Anger and frustration on his part.
I'm dying here. Feeling deceived. 3 years! Hurt. Embarrassed. Inadequate.
How to make him understand that this is going to take a long, long time?


----------



## anchorwatch (Mar 5, 2012)

Sorry you're here...

These should be of help...

Start here

http://talkaboutmarriage.com/coping-infidelity/32002-welcome-tam-cwi-newbies-please-read.html#post430739

Dr. Shirley Glass - NOT "Just Friends"

What is the 180?

 His Needs, Her Needs: Building an Affair-Proof Marriage eBook: Willard F. Jr. Harley

What is the 180?


----------



## Thorburn (Nov 23, 2011)

Your feelings are normal. There will be a roller coaster effect on your emotions for quite a while. Your WH is still in the fog of the affair.

I would start the 180.

There also has to be no contact (NC). Your WH needs to end any and all contact with her. 

Is she the only one? You will not know till he give you all his accounts with passwords and allow you to look.


----------



## Daisy10 (Nov 10, 2013)

What took 3 years? What is the 180?

You have come to the right place. There are many informative threads here. Browse around.


----------



## remorseful strayer (Nov 13, 2012)

Your husband needs to drop his affair partner like yesterdays news. 

He should do it, without needing to be asked. 

However, if you want to save the marriage, it's important that you DEMAND that he cut all contact immediately.

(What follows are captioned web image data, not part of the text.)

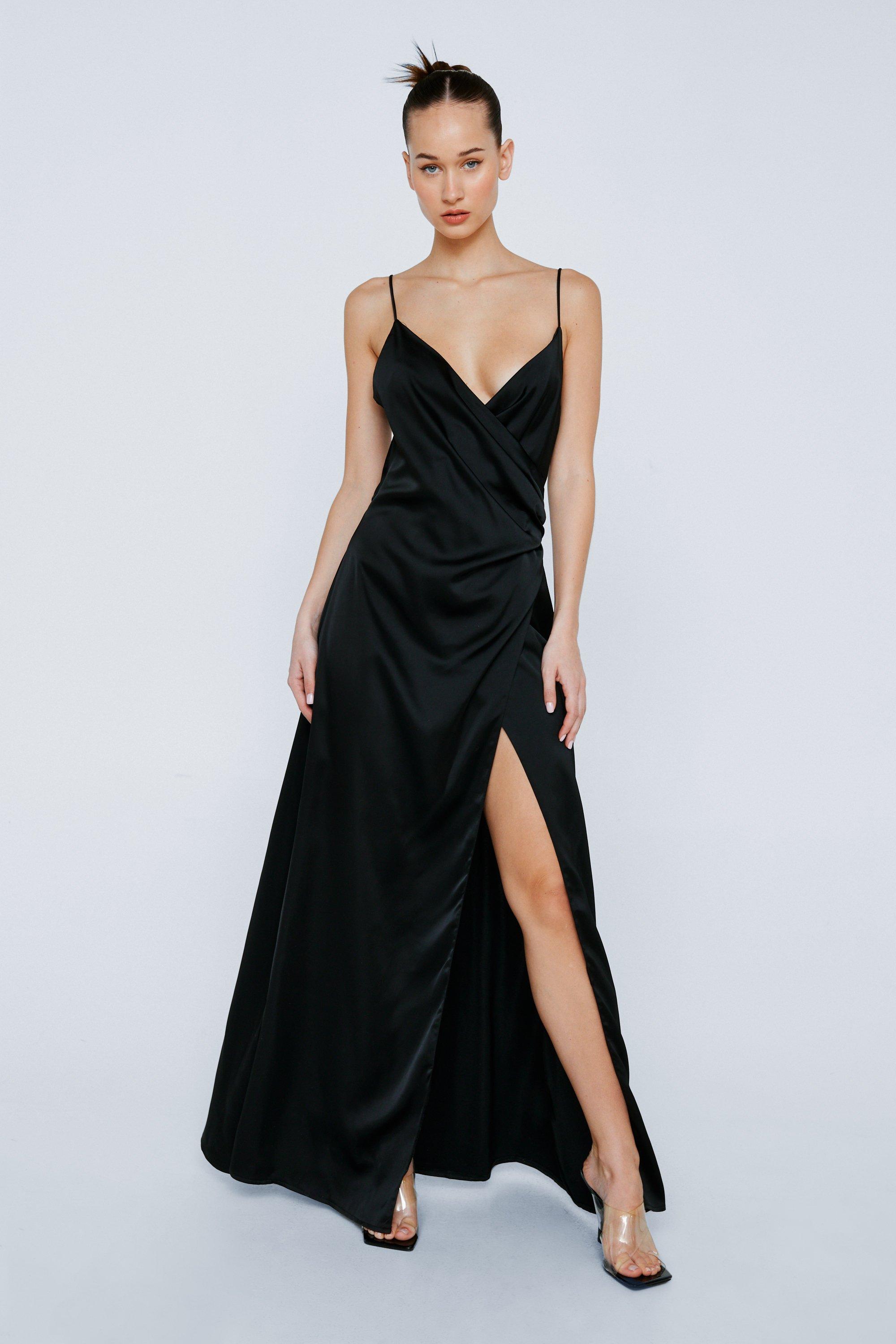 black fitted maxi dress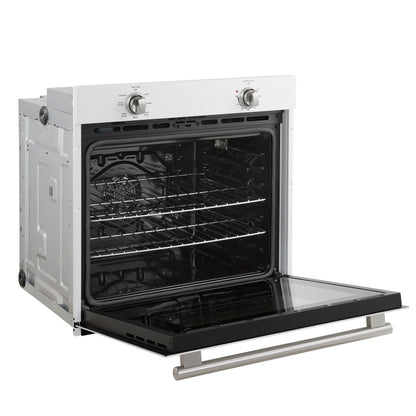 Forno Vomero 30-Inch Wall Oven, White, 5 cu.ft Capacity, 3550 Watts Convection, Mechanical Controls, Manuel Steam Clean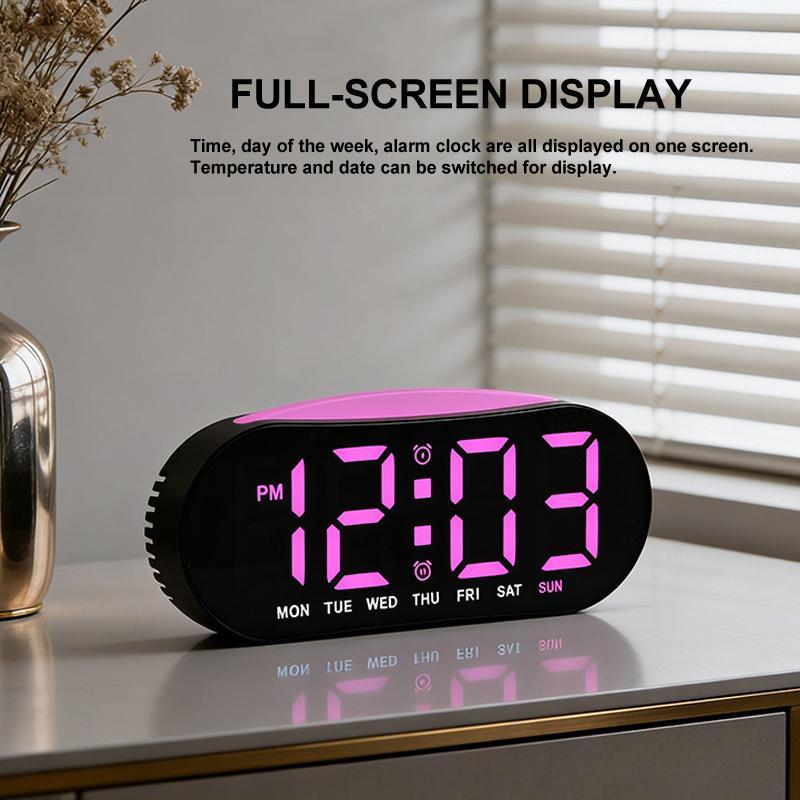 Smart LED Digital Alarm Clock with Night Light, Dual Alarms, Date & Temperature Display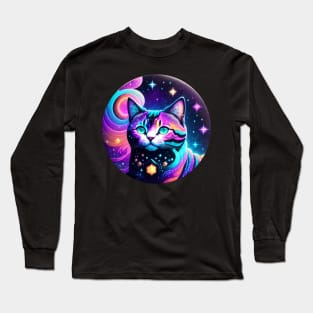 Cute Galaxy Cat Lovers Tee Long Sleeve T-Shirt
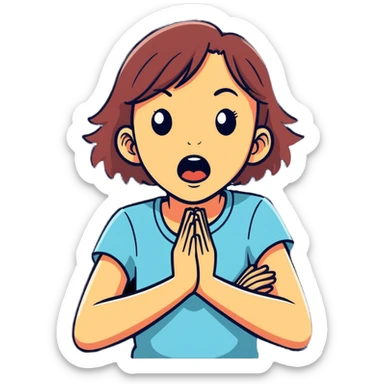 Arms crossed holding neck screaming girl sticker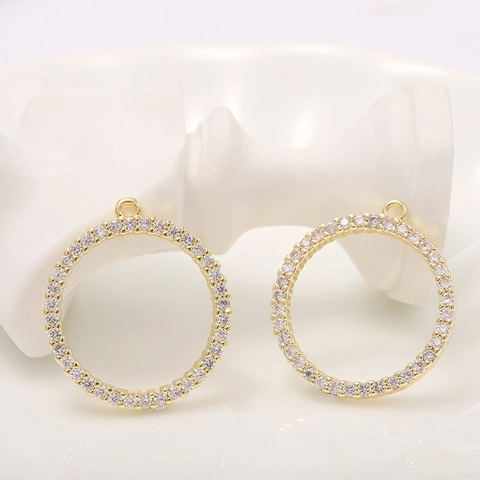 14k Gold Plated Brass Round Cubic Zirconia Charms Pendants For DIY Necklace Earring Bracelet Jewelry Making Accessories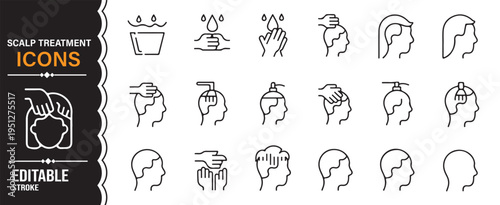 Editable scalp treatment line icon collection with hair health therapy and beauty salon symbols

If he will not, see an attorney and file for divorce. Maybe that's the wake up call he needs. 

A marriage can not recover with a third party in the picture. He needs to realize that. 

Alternatively, if you still wish to stay married, you are a lot younger than he, you could tell him you want to take a lover to. This also might wake him up.




60+ said:


> This is so hard! I'm 65 (feel 23) - and he's 74 - about to celebrate our 40th wedding anniversary but just don't feel like celebrating anything.
> Three years ago he starts to help a Russian woman with her English. It progresses from e-mail to Skype. At the same time he moves into a room of his own with his own television, own computer, and own e-mail address. And a closed door.
> Don't think anything of it at the time. Gradually it becomes more and more calls; of longer and longer duration. Then later and later into the night - (a 4 hour time difference between here and Russia).
> In the end there are 3, 4, 5 calls a day.
> ...


----------



## alte Dame (Aug 7, 2012)

He won't stop this unless you force him to. The question is whether you want to do this.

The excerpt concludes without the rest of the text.